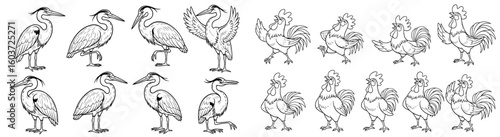 Herons and roosters depicted in line art. Bird, wildlife, farm, livestock, fowl, poultry, nature, avian, standing, drawing, illustration, farmyard, animal, black, white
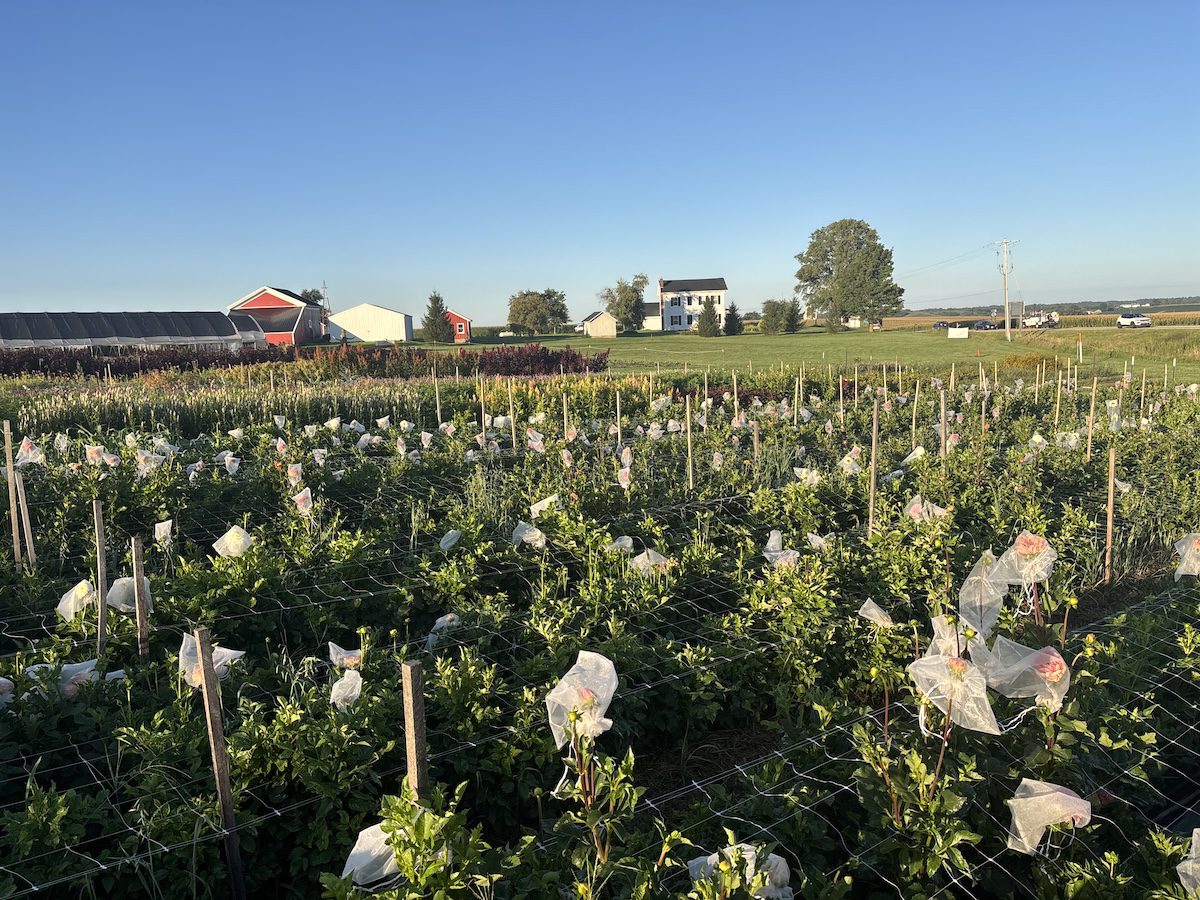 Under the Iowa sun: The work that drives the state’s high skin cancer rates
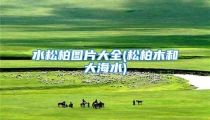 水松柏图片大全(松柏木和大海水)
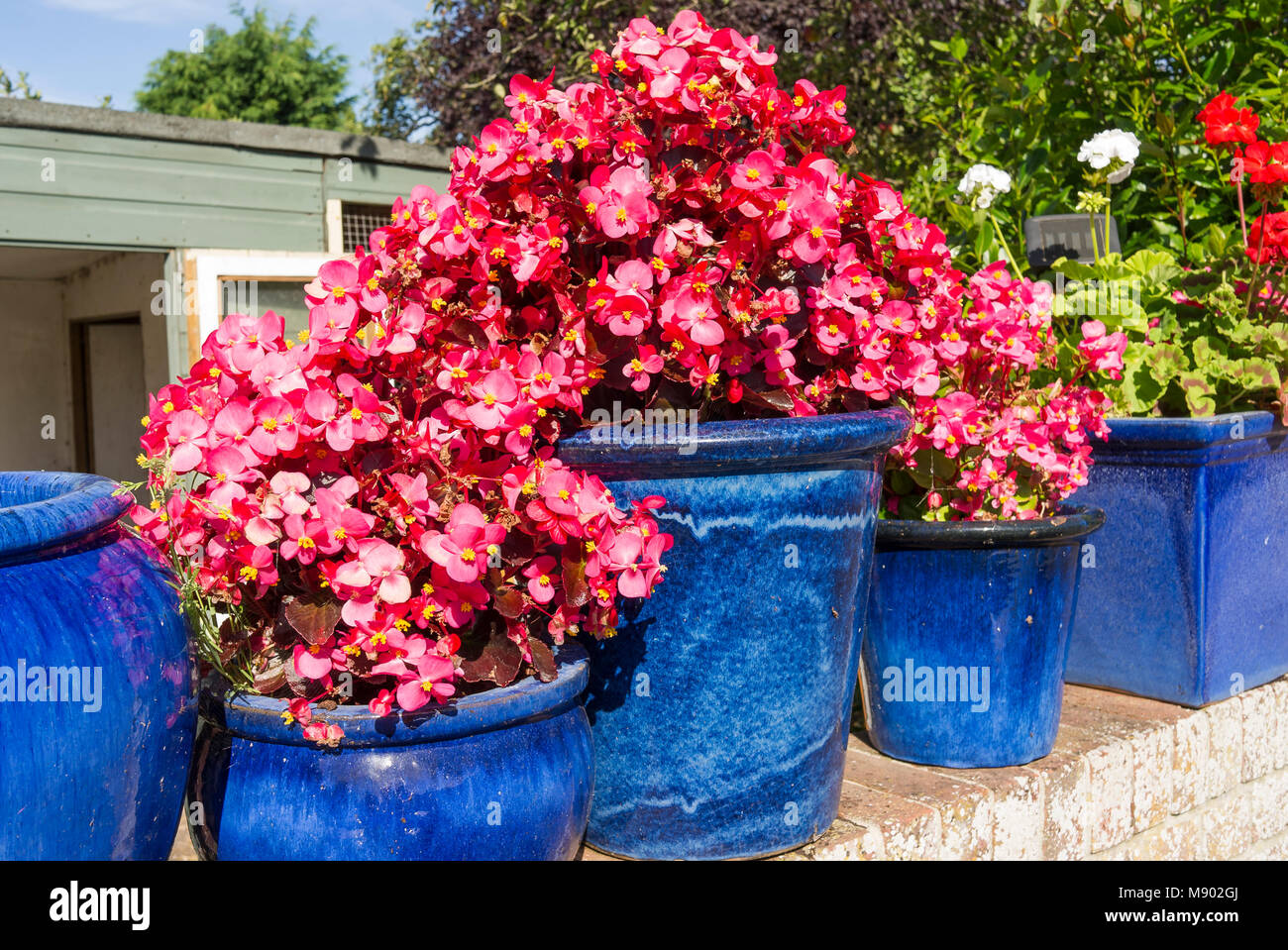 Semplice decorazione floreale fornito dalla biancheria da letto annuale di piante in blu le piantatrici di terracotta in una piccola città giardino in Calne Wiltshire, Inghilterra REGNO UNITO Foto Stock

══════════

▶ **About this task**
Starting at the line that contains "Under the Iowa", extract each line through the last line of the material exactly as written, and include no pictures.

▶ **Task output**
 Under the Iowa sun: The work that drives the state’s high skin cancer rates
 水松柏图片大全(松柏木和大海水)
 Semplice decorazione floreale fornito dalla biancheria da letto annuale di piante in blu le piantatrici di terracotta in una piccola città giardino in Calne Wiltshire, Inghilterra REGNO UNITO Foto Stock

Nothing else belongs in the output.